In the Fall of 2012 I stepped into Peggy Zehring's Experimental Painting class at the La Veta School of the Arts. Now this may seem like a "ho-hum" to you but for me it was a Mount Everest climb. You see I had condemned my life to be "artless" from age 11 onward. Mom had taken me and my brother, Ted, to the Albright Art School in Buffalo NY (why, I don't remember). The class was held in a conservatory filled with plants, humid and lush - a lovely place to incubate talent. As Ted and I began to paint, the instructor nosed over and glued himself to Ted's work (which was/is so bright/ full of love), hovering and coaching. Each passing moment brought greater dis-ease to my palette. It's true the subject, plants, was green to begin with but my jealousy of Ted's attention and capacity moved the effort into Flourescent, no neon, hues. I left promising NEVER to paint again. And I didn't.


It took a lot of failures to get my butt into a creative space and place - not art failures - life screw-ups, I know you know what I mean . And it took Peggy coaxing me from her deep artistic heart to "find my mark". It was like a step "into the valley of death" for me. What "mark"? What's that? HELP!!!


Peggy is a renown artist, a student and follower of Wassily Kandinsky (Wiki him), and for me it was more about trusting her and the timing. She said... Pick a color. Pick a tool, a brush, a rag, a chain. Put some marks on the canvas. EXPLORE. What feels good?
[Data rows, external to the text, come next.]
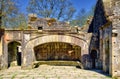 The fireplace of ruined Wycoller Hall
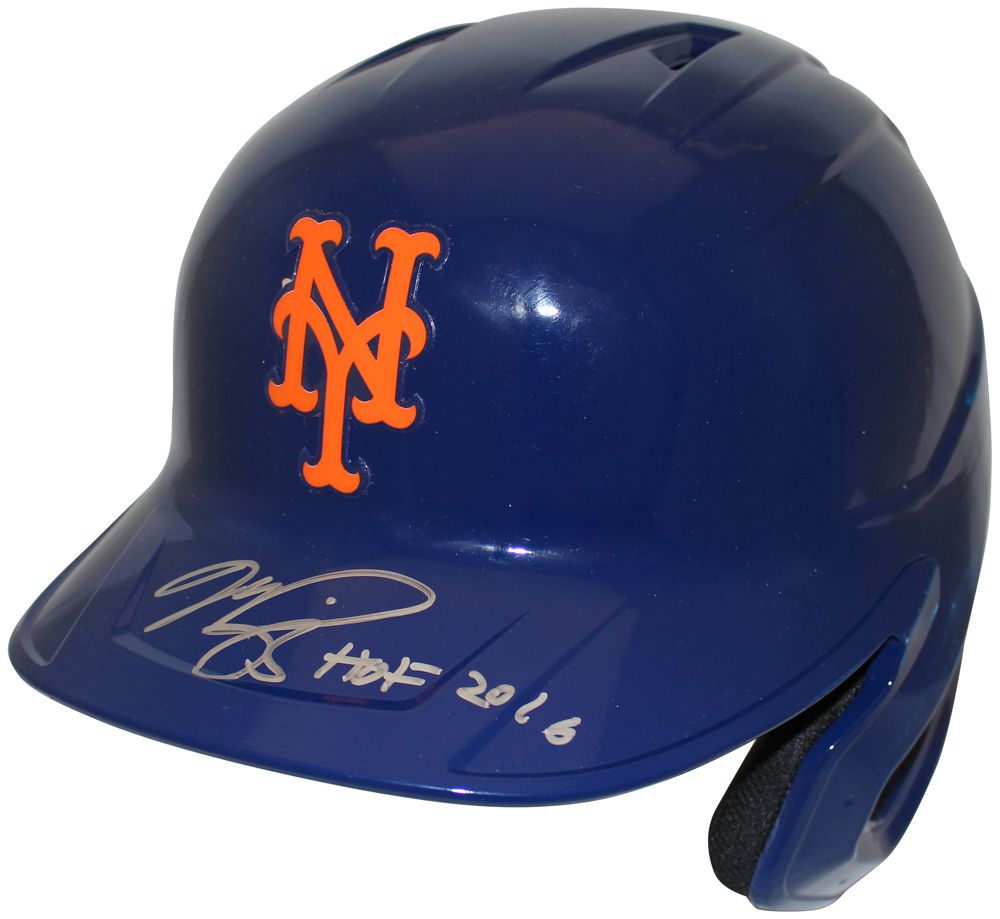 Mike Piazza Autographed FS New York Mets Batting Helmet HOF 2016 FAN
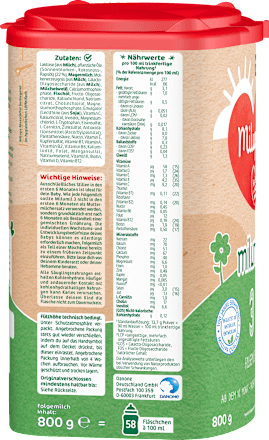 Folgemilch 3 Milumil ab dem 10. Monat Milupa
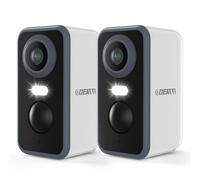 DEATTI 2K Wireless Security Camera Outdoor with Siren Floodlight, Rechargeable Battery CCTV Camera Systems, WiFi Home Security Camera, Motion Detection, Voice Intercom, 2 Pack/2PCS Set Brand
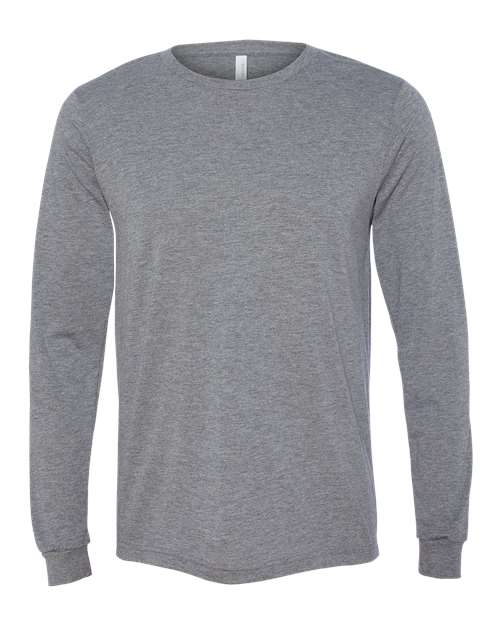 BELLA + CANVAS® Triblend Crewneck Long Sleeve T-shirt for Men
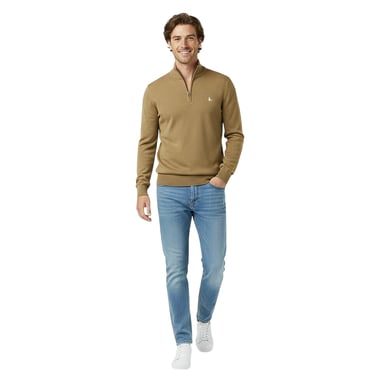 Jack Wills Mens Funnel Neck Jumper (Fawn)
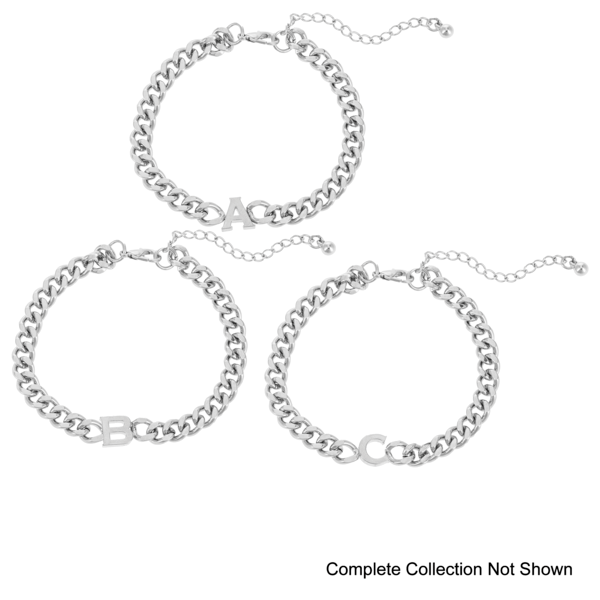 Chain-link Monogram Bracelet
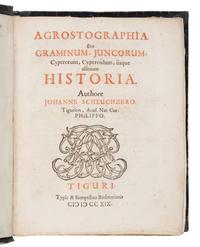 [Natural History] Scheuchzer, Johann. Agrostographia sive graminum, juncorum, cyperorum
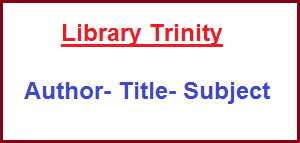 Library materials search Trinity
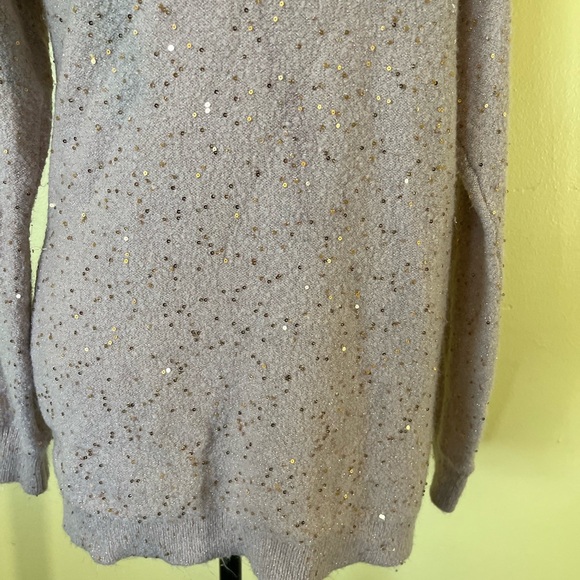 Express Your Women’s Sequin Embellished Beige Cardigan Size XS - Picture 11 of 11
What color(s) lights my fire? Choose them. Do you like slopping water all over the canvas? Do you like it filled with grit, sand, ashes, tree branches? Be like a kid again. DO WHATEVER FEELS LIKE YOU - not what someone else might like - but FEELS like you (and what you like). With the eye of a good teacher Peggy watched for the fundamentals - enough dark, enough light, balance, weight, composition AND the insidious "making it please others" (designer art). She promised that "My Mark" would show up, and when it did it would be undeniable. It would always be my "mark". I would know it; others would recognize it ALWAYS. There was no escaping it. Marks evolve, she said, along with the artist, but there is always a distinquishing, unique quality that belonged only to one artist.


Well, okay..... I was skeptical, hesitant, embarrassed, AND, for some reason unknown to me, I kept showing up for classes. I kept making a mark. In time I could begin to see that I did have a way of expressing on canvas that was MINE. And I couldn't get away from it. I think you'll see it in the early pieces I've included here. There was always a certain swirling, an indistinct backdrop of wash, cosmic motions, a preferred color palette. Tons of energy it seemed. A potential not yet massed into form. A desire. An inarticulate intricacy. A blending but not yet done. At least that's how I saw them. What do you think?